If you are one of the many Americans helping their parents cope with aging issues or you are dealing with aging issues yourself, here are some ways to help function more effectively in the kitchen with a major remodel. These suggestions will not only increase the kitchen’s functionality, it can increase its value to a larger pool of home buyers.
Many of these tips can be applied to bathrooms and other areas in your home, like laundry rooms, home offices and workshops. ..
- Replace base cabinet half shelves with roll-out trays. This also will increase the storage of that cabinet by about 25%.
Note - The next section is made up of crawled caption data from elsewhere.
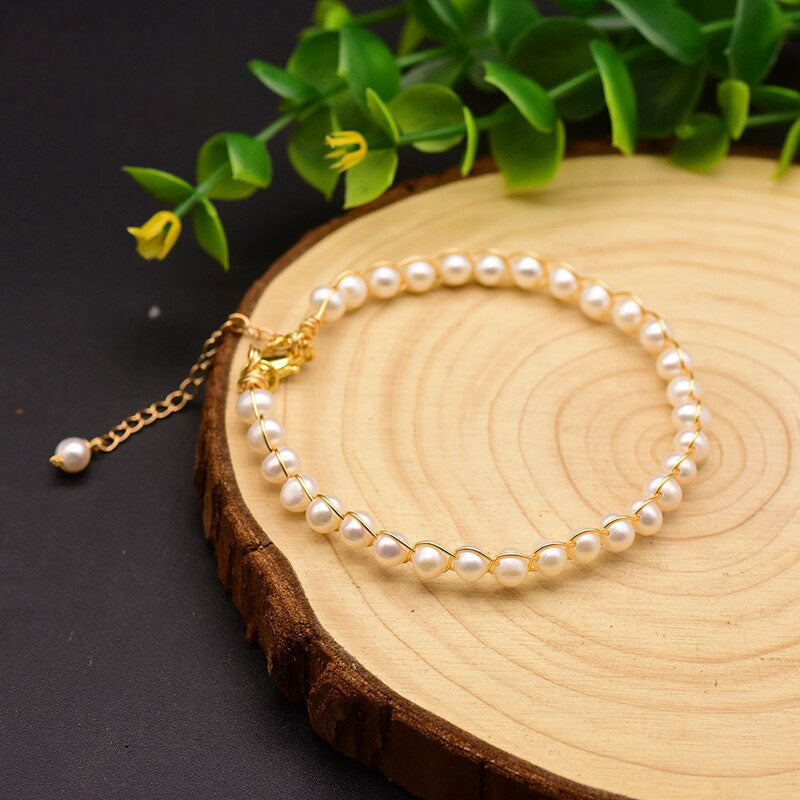 Bracelet ajustable perle d'eau douce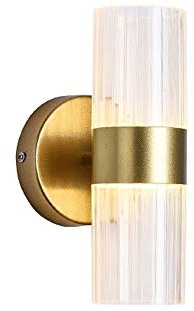 ZLOCYIVHE Glass Shade Modern Wall Sconce Lighting Fixture Up and Down Wall Lamp, Indoor Wall Wash Lights Uplighter Downlighter E27 Wall-Mounted Lamps for Living Room Bedroom Bathroom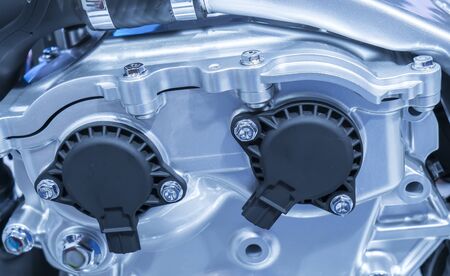 Modern powerful car engine section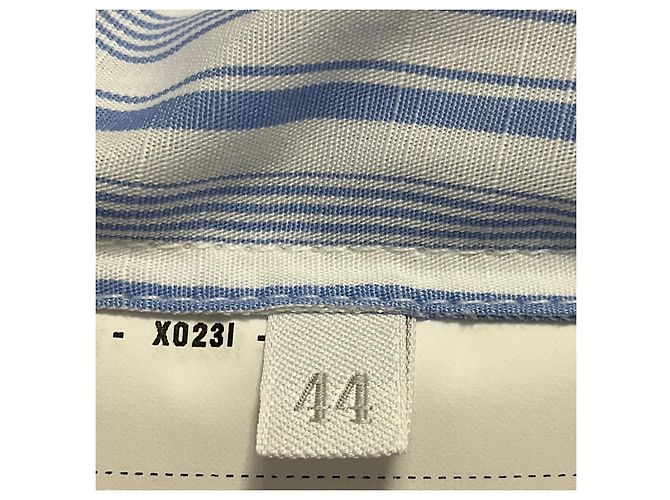 Prada Gestreiftes Midi-Shirtkleid in Hellblau / Weiß / Orange mit Rüschendetails und Gürtel - Ansicht 5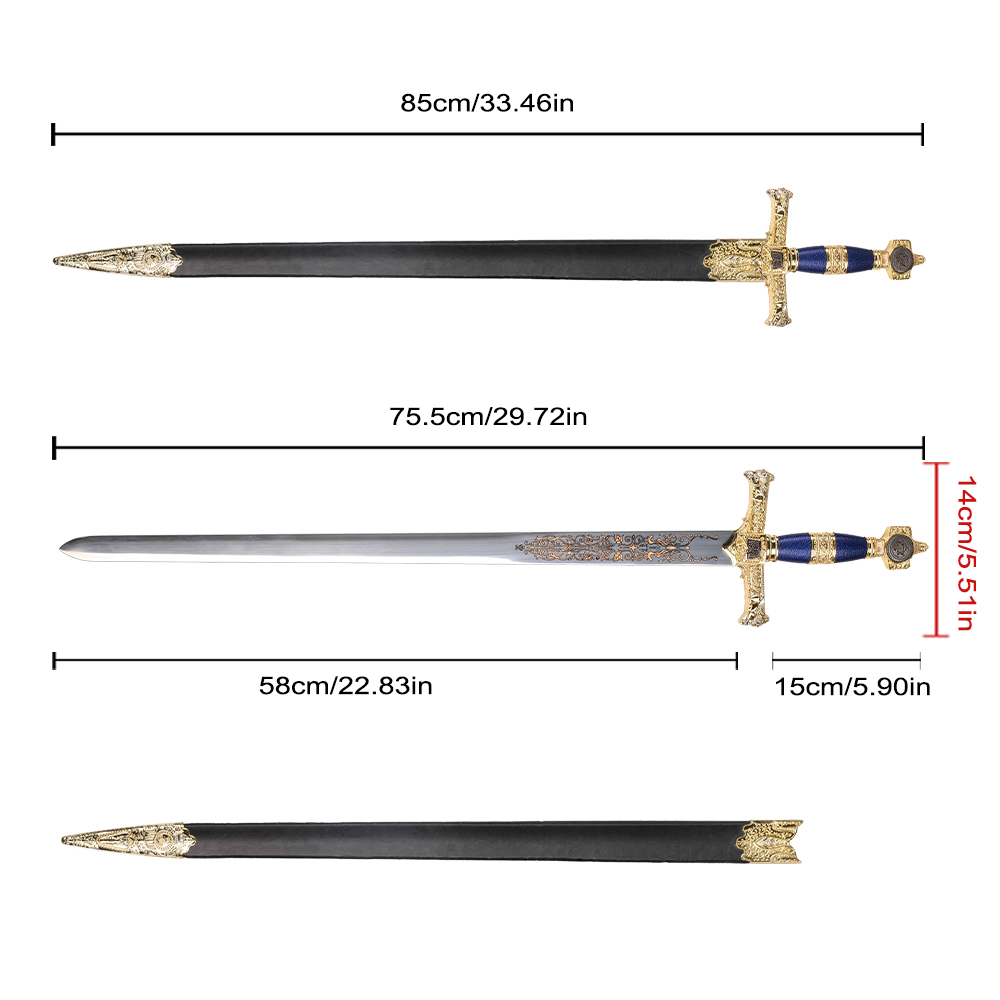 85cm Medieval Star of David Crusader Knight 440 Stainless Steel Blade Golden Israel King Solomon Sword for Sale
- Add roll-out trays to the bottom of base cabinets, as well. This will make it easier to reach items at the back of the cabinet. (Shown right, Rev-a-Shelf’s roll-out tray in wood keeps items organized and accessible.)
- Add a swing-out or lazy susan accessory to hard-to-reach base corner cabinets. Corner cabinets can be the toughest to access, especially those called “blind corner cabinets” that typically are placed next to a range or a dishwasher. Unless you have great knees and a flashlight, you’re going to be hard-pressed to reach anything stored in that cabinet! Thankfully, there are now accessory systems that bring the back items to the front and save your back and knees.
- Replace cabinet knobs with easier-to-use pulls. These are especially helpful for older users with arthritis or Parkinson’s. You’ll probably have to add a back-plate to cover the knob hole, but there are some attractive ones on the market.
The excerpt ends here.